She had buried her mother that morning.
“They slaughtered her like a spring lamb.”
“I know your grief, child.”
Her bruised eyes stared hard through the rain. “Do the gods grieve, my lady?”
“I know your anger.”
“She harmed no one in her life. What manner of death is that for one who was so good, so kind?” Moira’s hands bunched at her sides. “You cannot know my grief or my anger.”
“Others will die even a worse death. Will you stand and do nothing?”
“What can I do? How do we defend against such creatures? Will you give me more power?” Moira held out her hands, hands that had never felt so small and empty. “More wisdom and cunning? What I have isn’t enough.”
“You’ve been given all you need. Use it, hone it. There are others, and they wait for you. You must leave now, today.”
“Leave?” Stunned, Moira turned to face the goddess. “My people have lost their queen. How can I leave them, and how could you ask it of me? The test must be taken; the gods themselves deemed this so. If I’m not to be the one to stand in my mother’s stead, take sword and crown, I still must bide here, to help the one who does.”
“You help by going, and this the gods deem so. This is your charge,
Moira of Geall. To travel from this world so you might save it.”

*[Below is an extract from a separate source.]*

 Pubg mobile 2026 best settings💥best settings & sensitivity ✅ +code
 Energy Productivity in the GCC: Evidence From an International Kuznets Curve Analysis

“You would have me leave my home, my people, and on such a day? The flowers have not yet faded on my mother’s grave.”
“Would your mother wish you to stand and weep for her and watch your people die?”
“No.”
“You must go, you and the one you trust most. Travel to the Dance of the Gods. There I will give you a key, and it will take you where you need to go. Find the others, form your army. And when you come here, to this land, on Samhain, you’ll fight.”

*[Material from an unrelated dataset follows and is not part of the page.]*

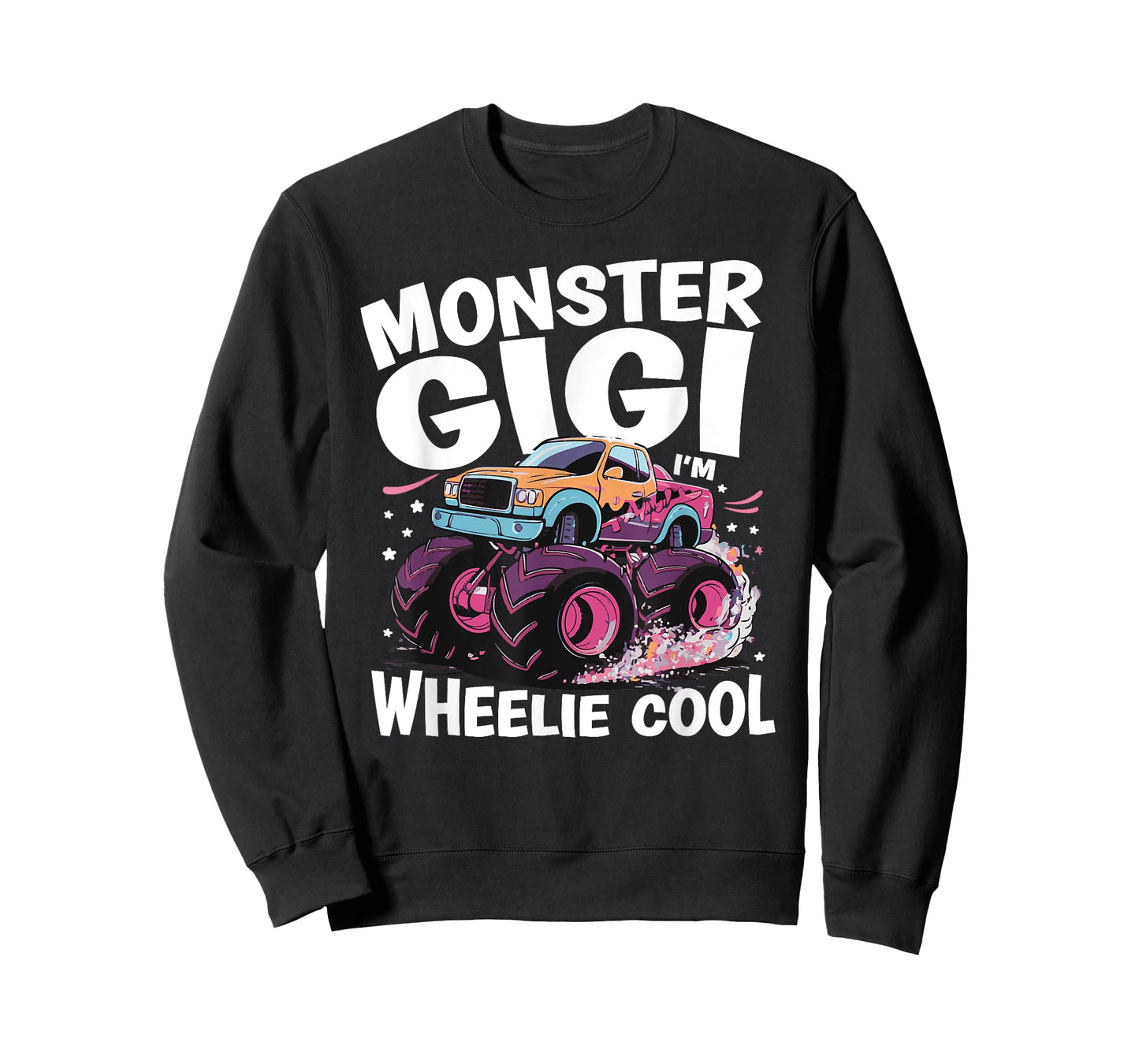 Monster Gigi Wheelie Cool Monster Truck Gigi Grandma T-Shirt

Fight, she thought. She had never been called to fight, had only known peace. “My lady, am I not needed here?”
“You will be. I tell you to go now where you’re needed now. If you stay, you’re lost. And your land is lost, as the worlds are. This was destined for you since before your birth. It is why you are.

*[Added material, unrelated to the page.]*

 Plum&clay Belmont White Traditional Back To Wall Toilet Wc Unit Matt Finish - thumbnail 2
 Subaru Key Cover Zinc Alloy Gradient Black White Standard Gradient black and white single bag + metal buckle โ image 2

“Go immediately. Make haste. They only wait for sunset.”
Her mother’s grave was here, Moira thought in despair. Her life was here, and all she knew. “I’m in mourning. A few days more, Mother, I beg you.”
“Stay even one day longer, and this is what befalls your people, your land.”
Morrigan waved an arm, parting the mists. Beyond them it was black night with only the silver ripple of light from the cold moon. Screams ripped through the air. Then there was smoke, and the shimmering orange glow of fires.
Moira saw the village overlooked by her own home. The shops and cottages were burning, and those screams were the screams of her friends, her neighbors. Men and women ripped to pieces, children being fed on by those horrible things that had taken her mother.
She watched her own uncle fight, slashing with his sword while blood stained his face and hands. But they leaped on him from above, from below, those creatures with fangs and eyes of feral red. They fell on him with howls that froze her bones. And while the blood washed the ground, a woman of great beauty glided over it. She wore red, a silk gown tightly laced at the bodice and bedecked with jewels. Her hair was uncovered and spilled gold as sunlight over her white shoulders.
In her arms was a babe still swaddled.
While the slaughter raged around her, the thing of great beauty bared fangs, and sank them into the babe’s throat.
“No!”
“Hold your grief and your anger here, and this will come.” The cold anger in Morrigan’s voice pierced through Moira’s terror. “All you know destroyed, ravaged, devoured.”
“What are these demons? What hell loosed them on us?”
“Learn. Take what you have, what you are, and seek your destiny. The battle will come. Arm yourself.”